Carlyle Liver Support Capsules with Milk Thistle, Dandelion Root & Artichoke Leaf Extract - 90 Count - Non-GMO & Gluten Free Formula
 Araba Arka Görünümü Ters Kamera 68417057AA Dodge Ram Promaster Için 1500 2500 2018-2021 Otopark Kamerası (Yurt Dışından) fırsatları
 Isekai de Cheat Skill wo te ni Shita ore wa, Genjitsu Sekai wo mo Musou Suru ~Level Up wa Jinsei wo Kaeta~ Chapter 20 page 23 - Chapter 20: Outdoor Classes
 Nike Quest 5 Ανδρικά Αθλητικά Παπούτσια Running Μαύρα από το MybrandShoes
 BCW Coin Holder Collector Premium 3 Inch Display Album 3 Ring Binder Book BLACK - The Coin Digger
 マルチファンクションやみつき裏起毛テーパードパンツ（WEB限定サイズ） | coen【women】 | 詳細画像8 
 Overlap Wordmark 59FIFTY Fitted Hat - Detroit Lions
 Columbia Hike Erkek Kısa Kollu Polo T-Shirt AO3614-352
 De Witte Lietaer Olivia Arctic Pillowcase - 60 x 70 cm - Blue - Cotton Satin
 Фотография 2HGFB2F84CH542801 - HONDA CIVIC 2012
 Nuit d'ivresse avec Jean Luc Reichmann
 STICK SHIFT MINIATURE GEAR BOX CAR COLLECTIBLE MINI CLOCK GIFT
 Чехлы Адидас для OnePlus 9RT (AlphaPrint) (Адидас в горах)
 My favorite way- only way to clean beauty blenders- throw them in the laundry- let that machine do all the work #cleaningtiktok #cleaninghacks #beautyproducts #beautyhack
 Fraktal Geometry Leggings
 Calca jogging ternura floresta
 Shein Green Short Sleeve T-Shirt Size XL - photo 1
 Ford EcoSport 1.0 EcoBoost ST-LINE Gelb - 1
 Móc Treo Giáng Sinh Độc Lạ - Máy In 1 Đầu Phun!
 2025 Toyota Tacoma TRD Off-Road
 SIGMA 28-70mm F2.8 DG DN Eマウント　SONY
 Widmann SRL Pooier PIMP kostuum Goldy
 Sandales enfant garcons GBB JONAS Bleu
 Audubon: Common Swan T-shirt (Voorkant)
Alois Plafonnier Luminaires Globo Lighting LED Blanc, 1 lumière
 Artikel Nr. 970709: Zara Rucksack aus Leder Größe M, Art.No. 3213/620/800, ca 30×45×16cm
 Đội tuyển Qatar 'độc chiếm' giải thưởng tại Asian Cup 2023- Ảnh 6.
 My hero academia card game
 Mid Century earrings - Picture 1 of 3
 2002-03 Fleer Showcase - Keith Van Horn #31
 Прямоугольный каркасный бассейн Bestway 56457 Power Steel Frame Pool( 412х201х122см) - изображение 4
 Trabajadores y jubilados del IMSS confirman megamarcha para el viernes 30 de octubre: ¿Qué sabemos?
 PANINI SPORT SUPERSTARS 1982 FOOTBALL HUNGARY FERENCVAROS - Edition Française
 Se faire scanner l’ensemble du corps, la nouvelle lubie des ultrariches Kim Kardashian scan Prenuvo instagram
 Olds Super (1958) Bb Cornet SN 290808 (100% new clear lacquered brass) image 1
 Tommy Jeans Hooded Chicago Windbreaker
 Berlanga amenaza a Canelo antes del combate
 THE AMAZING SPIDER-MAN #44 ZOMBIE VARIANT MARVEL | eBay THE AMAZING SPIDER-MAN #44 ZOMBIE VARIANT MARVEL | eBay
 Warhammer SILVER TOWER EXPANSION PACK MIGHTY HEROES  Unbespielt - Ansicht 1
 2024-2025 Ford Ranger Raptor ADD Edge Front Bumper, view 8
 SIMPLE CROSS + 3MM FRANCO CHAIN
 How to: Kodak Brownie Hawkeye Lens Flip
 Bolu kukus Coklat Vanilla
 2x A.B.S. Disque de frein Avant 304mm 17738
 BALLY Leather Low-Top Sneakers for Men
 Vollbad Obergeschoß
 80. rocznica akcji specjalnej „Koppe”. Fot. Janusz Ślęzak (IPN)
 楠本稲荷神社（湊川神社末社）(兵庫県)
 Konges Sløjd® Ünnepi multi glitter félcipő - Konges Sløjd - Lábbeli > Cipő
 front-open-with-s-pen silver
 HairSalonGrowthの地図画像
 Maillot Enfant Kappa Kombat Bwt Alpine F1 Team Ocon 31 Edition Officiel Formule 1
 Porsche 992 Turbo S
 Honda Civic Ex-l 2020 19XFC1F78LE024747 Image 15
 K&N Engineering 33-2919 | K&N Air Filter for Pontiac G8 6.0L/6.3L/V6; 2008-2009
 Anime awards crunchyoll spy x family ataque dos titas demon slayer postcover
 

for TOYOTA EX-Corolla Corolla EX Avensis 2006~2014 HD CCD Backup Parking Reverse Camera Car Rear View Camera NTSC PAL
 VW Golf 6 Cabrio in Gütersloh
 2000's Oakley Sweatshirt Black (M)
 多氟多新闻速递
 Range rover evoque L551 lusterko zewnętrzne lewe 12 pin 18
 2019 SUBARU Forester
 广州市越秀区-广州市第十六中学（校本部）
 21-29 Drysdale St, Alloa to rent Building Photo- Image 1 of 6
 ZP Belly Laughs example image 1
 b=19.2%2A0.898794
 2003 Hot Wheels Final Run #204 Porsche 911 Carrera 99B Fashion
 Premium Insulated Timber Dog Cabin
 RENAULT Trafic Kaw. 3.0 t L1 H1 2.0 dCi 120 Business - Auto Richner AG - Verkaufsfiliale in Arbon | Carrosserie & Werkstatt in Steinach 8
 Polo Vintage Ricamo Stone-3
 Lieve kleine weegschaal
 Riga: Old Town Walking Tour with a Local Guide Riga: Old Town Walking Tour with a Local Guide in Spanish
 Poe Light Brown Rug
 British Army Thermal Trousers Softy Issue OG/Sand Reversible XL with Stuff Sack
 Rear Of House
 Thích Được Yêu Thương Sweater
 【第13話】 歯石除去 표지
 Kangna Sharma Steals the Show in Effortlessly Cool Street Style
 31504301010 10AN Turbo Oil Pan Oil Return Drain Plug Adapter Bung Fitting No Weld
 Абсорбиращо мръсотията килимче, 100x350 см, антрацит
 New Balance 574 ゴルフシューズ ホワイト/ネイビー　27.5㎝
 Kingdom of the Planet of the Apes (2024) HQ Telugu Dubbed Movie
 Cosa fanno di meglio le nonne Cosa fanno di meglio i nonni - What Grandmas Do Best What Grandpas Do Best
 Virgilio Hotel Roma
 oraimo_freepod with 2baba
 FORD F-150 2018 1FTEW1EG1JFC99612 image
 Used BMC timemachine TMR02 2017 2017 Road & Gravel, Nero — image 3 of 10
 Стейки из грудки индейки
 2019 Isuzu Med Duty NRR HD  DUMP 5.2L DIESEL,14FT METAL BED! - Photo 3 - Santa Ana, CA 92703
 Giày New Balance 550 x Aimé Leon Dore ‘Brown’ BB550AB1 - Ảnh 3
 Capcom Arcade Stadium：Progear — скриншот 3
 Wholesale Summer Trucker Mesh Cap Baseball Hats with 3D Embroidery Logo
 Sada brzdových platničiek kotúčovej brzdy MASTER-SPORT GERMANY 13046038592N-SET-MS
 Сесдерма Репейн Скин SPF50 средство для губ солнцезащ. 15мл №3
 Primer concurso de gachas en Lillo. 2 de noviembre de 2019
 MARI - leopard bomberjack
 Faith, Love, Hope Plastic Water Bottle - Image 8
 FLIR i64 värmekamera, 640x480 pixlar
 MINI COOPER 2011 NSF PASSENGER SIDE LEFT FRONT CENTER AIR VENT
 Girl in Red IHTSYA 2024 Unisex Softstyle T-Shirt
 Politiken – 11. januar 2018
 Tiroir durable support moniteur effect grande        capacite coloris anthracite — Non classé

※ ※ ※

WHAT THE EXERCISE ASKS: List every line in the records above that contains the word "Polo".

ANSWER:
 Columbia Hike Erkek Kısa Kollu Polo T-Shirt AO3614-352
 Polo Vintage Ricamo Stone-3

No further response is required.